Global Stocks Lower After Inflation Fuels Rate Fears

BEIJING (AP) -- Global stock markets declined Thursday after signs of enduring upward pressure on U.S. and European prices raised expectations that interest rates will stay higher for longer.

London, Shanghai, Frankfurt and Tokyo retreated. Oil prices fell.

Wall Street futures were lower after a survey showed prices paid by U.S. manufacturers rose in February for the first time in five months despite rate increases to cool economic activity and surging inflation.

That prompted traders to raise forecasts for how high the Federal Reserve might hike rates and for when cuts might start.

"Inflation expectations are climbing again," said Brian Levitt of Invesco in a report. "The Fed pause may not be coming now until the middle of the year, at the earliest."

Elsewhere, data Wednesday from Germany, Europe's biggest economy, showed inflation held steady in February after rate hikes by the European Central Bank.

There are "very few to no signs of any disinflationary process outside of energy and commodity prices," Carsten Brzeski of ING said in a report.

In early trading, the FTSE 100 in London gave up 0.3% to 7,888.49. The DAX in Frankfurt declined 0.9% to 15,173.04 and the CAC 40 in Paris lost 0.8% to 7,176.96.

On Wall Street, the future for the benchmark S&P 500 index was 0.7% lower. That for the Dow Jones Industrial Average was off 0.1%.

On Wednesday, the S&P 500 lost 0.5% while the Dow edged up less than 0.1%. The Nasdaq fell 0.7%.

An industry group, the Institute for Supply Management, reported Wednesday a monthly index of prices paid by manufacturers rose to 51.3 from January's 44.5 on a 100-point scale on which numbers above 50 show an increase.

In Asia, the Shanghai Composite Index lost less than 0.1% to 3,310.65 and the Nikkei 225 in Tokyo sank less than 0.1% to 27,498.87. The Hang Seng in Hong Kong gave up 0.9% to 20,429.46.

The Kospi in Seoul rose 0.6% to 2,427.85 and Sydney's S&P-ASX 200 added less than 0.1% to 7,255.40.

India's Sensex lost 0.8% to 58,908.28. New Zealand and Jakarta gained while Singapore and Bangkok retreated.

Some traders hoped the Fed might ease off rate increases as activity cooled and possibly start to cut rates by the end of this year. But those hopes have been dampened by signs inflation is sticking at high levels and warnings by Fed Chair Jerome Powell and other officials that rates will stay elevated for an extended period until price pressures are extinguished.

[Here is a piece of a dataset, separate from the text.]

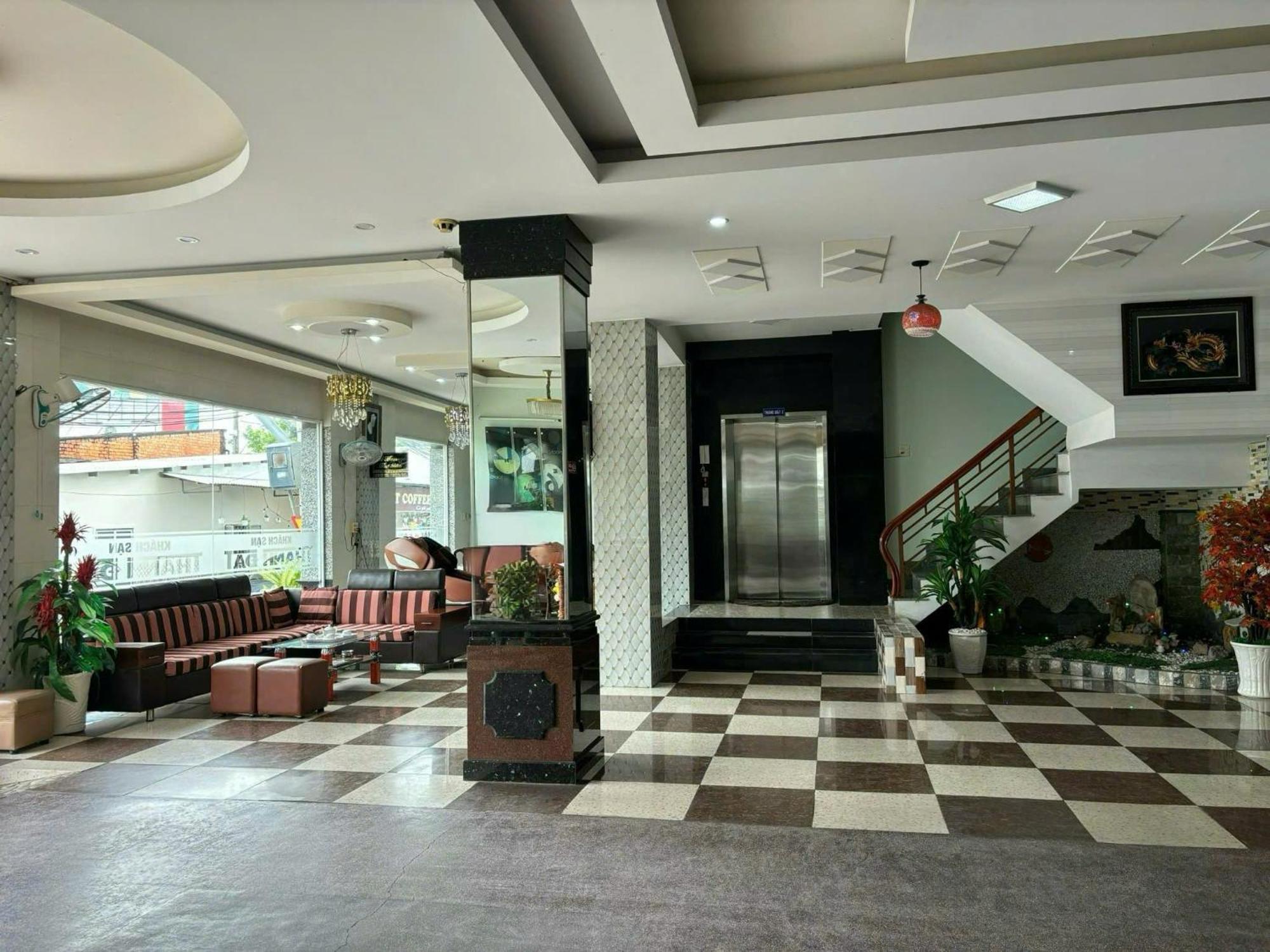 Thanh Dat Hotel Bac Lieu Exterior photo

The Fed has raised its benchmark lending rate to 4.5% to 4.75% from close to zero at the start of 2022 in an effort to cool inflation to 2%.

After the latest inflation reading, traders expect the Fed to raise its key rate to at least 5.25% by June. Some expect 5.5%, the highest level in 22 years.

The Fed's latest increase was 0.25 percentage points, half the more aggressive level of previous increases, but one Fed board member has publicly suggested going back to 0.5-point hikes.

Some retailers have offered discouraging forecasts due to inflation and other pressure on consumer spending.

Lowe's fell 5.6% for one of the largest losses in the S&P 500 after it reported weaker revenue for the latest quarter than expected.

Vaccine company Novavax tumbled 25.9% after it warned there's "substantial doubt" about its ability to stay in business over the next year. It reported a net loss of $657.9 million for the last year.

In the bond market, the yield on the 10-year U.S. Treasury, or the difference between the market price and the payout at maturity, widened to 3.99% on Wednesday from from 3.93% late Tuesday. It is near its highest level in three months after exceeding 4% earlier in the day.

The two-year yield, which moves more on expectations for the Fed, widened to 4.89% from 4.82%.

In energy markets, benchmark U.S. crude declined 14 cents to $77.55 per barrel in electronic trading on the New York Mercantile Exchange. The contract rose 64 cents on Wednesday to $77.69. Brent crude, the price basis for international oil trading, retreated 11 cents to $84.20 per barrel in London. It gained 86 cents the previous session to $84.31 a barrel.

The dollar rose to 136.59 yen from Wednesday's 136.17 yen. The euro declined to $1.0634 from $1.0658.